Plane (110) is denser (closely packed) than others.

Explanation of Solution

Planar density is expressed as,

P = No. of atom/Area of plane =Z/A

(a) For plane $\left\{100\right\}$ ;

  

  $\begin{array}{l}\text{A number of atoms in plane }\left(\text{100}\right)\text{, Z =1 atom}\\ \text{Length of direction vector, }\\ \text{A =4R/}\sqrt{\text{3}}\text{Area of }\left(\text{100}\right){\text{ plane =A =a}}^{\text{2}}\\ \text{=[4R/}\sqrt{\text{3}}{\text{]}}^{\text{2}}\\ \begin{array}{l}{\text{=16R}}^{\text{2}}\text{/3}\hfill \\ {\left[\text{planar density}\right]}_{\text{1}}\text{=1atom/}\left({\text{16R}}^{\text{2}}\text{/3}\right){\text{ =3/16R}}^{\text{2}}\hfill \end{array}\end{array}$

(b) For plane $\left\{110\right\}$;

  

BCC unit cell with the plane (110) is rectangular.

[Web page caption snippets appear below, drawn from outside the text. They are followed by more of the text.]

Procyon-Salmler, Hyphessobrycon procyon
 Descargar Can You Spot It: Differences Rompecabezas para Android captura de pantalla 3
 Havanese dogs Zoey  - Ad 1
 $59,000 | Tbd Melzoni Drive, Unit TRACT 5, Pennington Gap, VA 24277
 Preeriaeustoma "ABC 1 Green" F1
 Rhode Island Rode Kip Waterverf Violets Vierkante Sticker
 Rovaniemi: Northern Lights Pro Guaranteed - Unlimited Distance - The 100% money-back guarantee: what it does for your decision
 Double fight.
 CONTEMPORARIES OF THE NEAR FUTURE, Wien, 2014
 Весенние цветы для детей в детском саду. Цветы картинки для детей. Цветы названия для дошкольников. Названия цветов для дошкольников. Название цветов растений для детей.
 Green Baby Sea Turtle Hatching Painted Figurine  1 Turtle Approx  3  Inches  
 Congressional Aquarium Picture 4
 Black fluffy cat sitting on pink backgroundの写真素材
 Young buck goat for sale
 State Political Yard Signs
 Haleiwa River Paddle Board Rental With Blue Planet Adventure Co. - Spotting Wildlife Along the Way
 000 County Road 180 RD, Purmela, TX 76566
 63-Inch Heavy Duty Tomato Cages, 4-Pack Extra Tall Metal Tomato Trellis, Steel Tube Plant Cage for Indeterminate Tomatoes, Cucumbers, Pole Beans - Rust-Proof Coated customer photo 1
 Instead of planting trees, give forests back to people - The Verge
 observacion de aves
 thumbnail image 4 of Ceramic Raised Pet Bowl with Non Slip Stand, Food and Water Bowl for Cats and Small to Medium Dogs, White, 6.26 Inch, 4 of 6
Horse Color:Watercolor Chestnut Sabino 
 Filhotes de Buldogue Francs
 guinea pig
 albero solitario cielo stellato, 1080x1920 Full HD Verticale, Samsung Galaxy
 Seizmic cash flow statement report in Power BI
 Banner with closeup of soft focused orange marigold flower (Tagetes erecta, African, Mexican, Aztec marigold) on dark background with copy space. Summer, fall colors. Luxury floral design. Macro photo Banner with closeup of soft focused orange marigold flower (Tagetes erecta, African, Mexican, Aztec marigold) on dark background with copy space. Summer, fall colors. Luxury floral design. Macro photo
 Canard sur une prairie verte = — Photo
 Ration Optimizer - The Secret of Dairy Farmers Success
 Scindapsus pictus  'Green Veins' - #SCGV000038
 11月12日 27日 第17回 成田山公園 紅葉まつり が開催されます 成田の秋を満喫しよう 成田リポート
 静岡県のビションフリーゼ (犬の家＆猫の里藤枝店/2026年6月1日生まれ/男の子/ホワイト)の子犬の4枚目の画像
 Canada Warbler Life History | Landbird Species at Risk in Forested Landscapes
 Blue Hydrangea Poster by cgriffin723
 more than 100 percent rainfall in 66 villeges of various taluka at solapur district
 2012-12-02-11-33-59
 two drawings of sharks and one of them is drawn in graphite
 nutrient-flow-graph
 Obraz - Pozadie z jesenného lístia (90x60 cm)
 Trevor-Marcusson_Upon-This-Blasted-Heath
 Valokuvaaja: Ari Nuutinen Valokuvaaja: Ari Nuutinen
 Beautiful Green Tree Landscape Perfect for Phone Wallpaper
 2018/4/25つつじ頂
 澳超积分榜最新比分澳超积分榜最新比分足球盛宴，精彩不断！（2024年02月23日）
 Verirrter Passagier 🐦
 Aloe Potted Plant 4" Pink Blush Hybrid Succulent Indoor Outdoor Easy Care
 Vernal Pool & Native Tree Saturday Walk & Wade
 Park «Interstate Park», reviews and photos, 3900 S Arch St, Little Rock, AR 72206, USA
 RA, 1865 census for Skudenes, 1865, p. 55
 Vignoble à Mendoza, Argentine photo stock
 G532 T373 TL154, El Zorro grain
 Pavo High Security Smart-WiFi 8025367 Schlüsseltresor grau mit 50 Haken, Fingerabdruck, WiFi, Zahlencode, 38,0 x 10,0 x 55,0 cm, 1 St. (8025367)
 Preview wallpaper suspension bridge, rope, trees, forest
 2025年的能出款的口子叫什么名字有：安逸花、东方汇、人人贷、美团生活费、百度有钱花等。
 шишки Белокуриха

Area of rectangular $x\times y$

Where $x=4R/\sqrt{3}$

Diagonal length =4R.

Using Pythagoras theorem,

  $x^2+y^2=z^2$

  $y=\sqrt{z^2-x^2}$

  $y=\sqrt{{\left(4R\right)}^2+{\left(\frac{4R}{\sqrt{3}}\right)}^2}$

  $y=4R\sqrt{2}/\surd 3$

  $\begin{array}{l}\text{area of plane }\left(110\right)=A\\ =x\times y \\ =4R\sqrt{3}\times 4R\sqrt{2}/\sqrt{3} \\ =16R^2\sqrt{2}/3\end{array}$

Number of atoms in the plane (110), $z=\text{2 atom}$

1 atom at every four corners and 1 center atom within the cell.

Planar density = $\frac{2\text{ atoms}}{\frac{16R^2\sqrt{2}}{3}}=\frac{6}{16R^2\sqrt{2}}$

[Planar density]₂ = $\frac{3}{8R^2\sqrt{2}}$

(c) For plane $\left\{111\right\}$;

  

Plane (111)inthe BCC unit cell is having a triangular section.

  $\begin{array}{l}\text{Area of rectangle = ½ x}\times \text{y}\\ {\text{Where, x}}^{\text{2}}{\text{=a}}^{\text{2}}{\text{+a}}^{\text{2}}{\text{=2a}}^{\text{2}}\\ \text{x=}\sqrt{\text{2}}\times \text{4R/}\sqrt{\text{3}}\end{array}$

Now, to calculate middle line length y is from the figure,

  $\begin{array}{l}{x}^2={(}^x+y^2\\ y^2=x^2-{\left(x/y\right)}^2\\ y^2=3x^2/4\\ y=\sqrt{3}x/2\end{array}$

Now,

  $\begin{array}{l} x=\frac{\sqrt{2}\times 4R}{\sqrt{3}}=\frac{4R}{\sqrt{2}\sqrt{3} }\\ y=\frac{\sqrt{3}\times 4R\sqrt{2}}{2}=\frac{4R\sqrt{2}}{2}\\ \text{putting values of x and y in area of plane}\\ \text{Area of plane }\left(111\right)=\frac{1}{2\times x\times y } \\ =\frac{\frac{1}{2\times 4R\sqrt{2}}}{\frac{\sqrt{3}\times 4R\sqrt{2}}{2} } \\ =\frac{16\times 2\times R^2}{4\times \sqrt{3} } \\ A=\frac{8R^2}{\sqrt{3}}\\ \text{Number of atoms }\left(\text{111}\right)\text{ = 0}\text{.5 atom}\\ \text{Planar density =}\frac{\text{ 0}\text{.5 atom }}{\left(\frac{\text{8}{R}^{\text{2}}}{\sqrt{\text{3}}}\right)}\\ \text{=}\frac{\text{0}\text{.5}\times \sqrt{\text{3}}}{\text{8}{R}^{\text{2}}}\\ {\left[\text{Planar density}\right]}_{\text{3}}\text{=}\frac{\text{0}\text{.11}}{R^{\text{2}}}\end{array}$

A plane with higher plane density is highly dense.

  $\begin{array}{l}{P}_1>P_2>P_3\\ \frac{3}{16R^2}>\frac{3}{8R^2\sqrt{2}}>\frac{0.11}{R^2}\\ \frac{0.1875}{R^2}>\frac{0.2562}{R^2}>\frac{0.108}{R^2}\end{array}$

Plane density for plane $\left\{110\right\}$ is higher than the others. Hence, it is denser.

Conclusion

By comparing values of planar density, the plane $\left\{110\right\}$ is having a higher volume of dense density. Thus, the plane $\left\{110\right\}$ is denser among others.